Bhubaneswar: As part of the celebrations of 75th year of the Orissa High Court, Chief Justice of India Uday Umesh Lalit on Saturday inaugurated 34 paperless courts in all 30 districts of Odisha.
The concept of paperless court has been successfully implemented in the Supreme Court and different high courts including in Odisha. However, Odisha is the first state in the country to launch paperless courts in all the districts.
The CJI has inaugurated the courts in a function organised at the Odisha Judicial Academy in Cuttack, in the presence of SC judges D.Y. Chandrachud and M.R. Shah and Odisha High Court’s Chief Justice S. Muralidhar.
The CJI said technological advancement has become essential for the functioning of the judiciary.

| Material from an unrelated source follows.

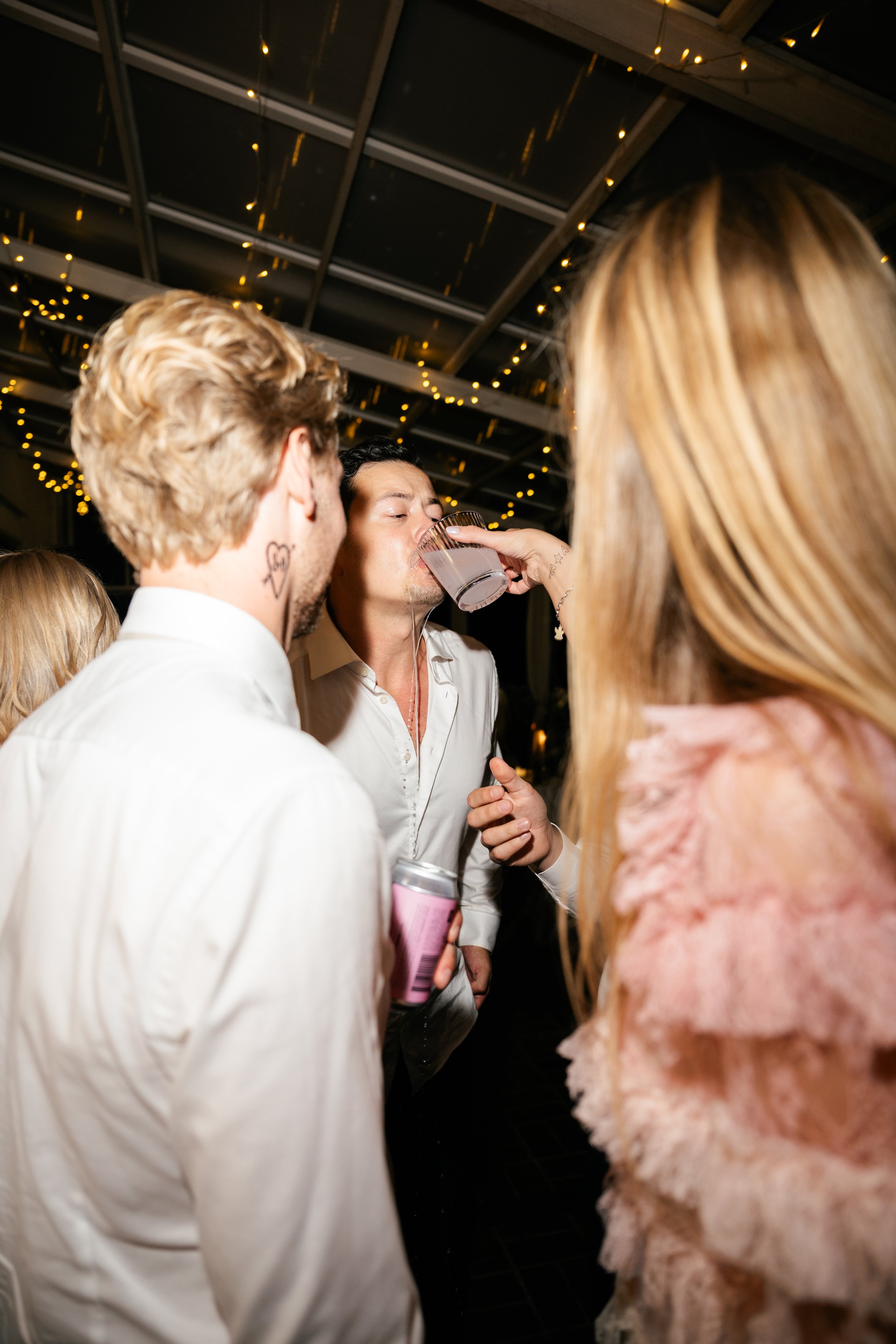 People at a party, with a man drinking from a glass held by a woman, surrounded by others, with string lights overhead.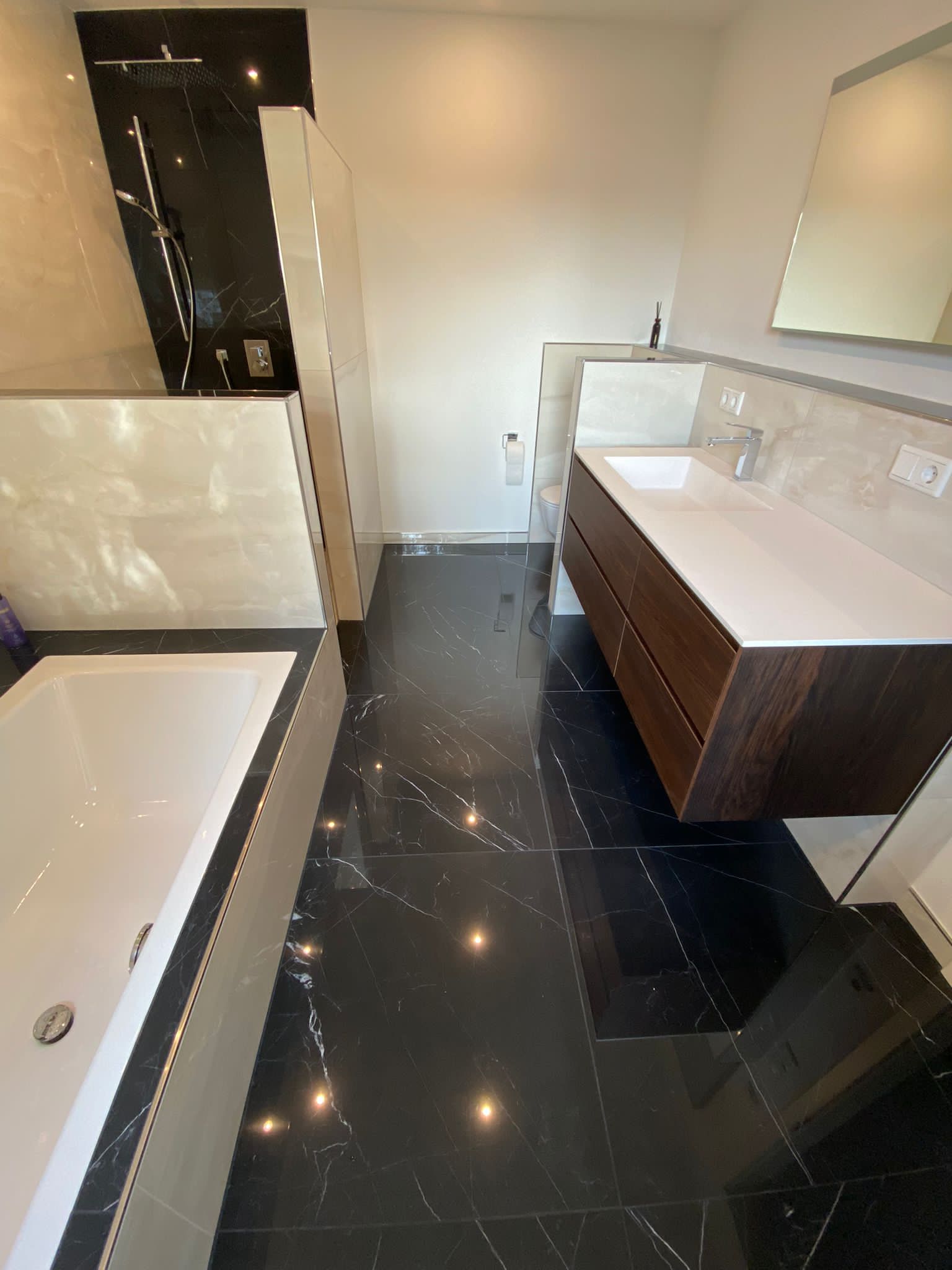 Modernes Badezimmer mit schwarzem Fliesenboden, weißer Badewanne und Waschtisch aus dunklem Holz.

About the evolution of IT in Indian judiciary, he shared his experience of working as a young lawyer in the pre-IT period and the ease of work that technological advancement has ensured over the years.
He also highlighted the positive impacts of paperless courts on the environment, and said he was happy to know that the judicial officers in Odisha voluntarily came forward for the paperless courts.
Lauding the e-initiatives of the Orissa High Court, he said the court has shown the Indian judiciary a new direction, new light.
Chief Justice Muralidhar thanked the e-Committee, SC for the guidance and encouragement to the Orissa High Court in expanding the horizon of digitisation and using information technology for other initiatives like paperless courts, e-payment of court fee, virtual hearing, e-custody certificates, e-traffic challans and voluntary witness deposition centres in all the districts of Odisha.
He announced that shortly all the judicial officers in Odisha would be provided with touchscreen laptops to facilitate them to function paperless.
Stressing upon the need of paperless courts for balancing the ecosystem and its other advantages, he said paperless courts in the district judiciary of Odisha is a significant milestone for the Indian judiciary.
Justice Shah hailed the e-initiatives of the high court of Orissa and expressed hope that those would be replicated in other states.
Sharing his experiences, he said age is never a barrier in learning the use of IT which has become essential for making the justice administration friendly for all the stakeholders.
Enumerating the advantages of paperless courts, he emphasised on the need for advancement of courtroom technology.
Justice Chandrachud, who heads the Supreme Court’s e-Committee said that the high court has established itself as the pioneer in implementing the decisions of e-Committee and termed its initiatives as “path-breaking” for the rest of India.
Enumerating the advantages of paperless court, he said that it is cost-effective for litigants, time-saving for lawyers, effective in space management, and makes case information easily accessible at fingertips.
Justice Chandrachud informed that about 75 lakh judgments of various high courts have been made available on the National Judicial Data Grid (NJDG) for easy access of lawyers and judges, and real time virtual justice digital clocks have been devised for updated information about functioning of every wing of the Indian judiciary.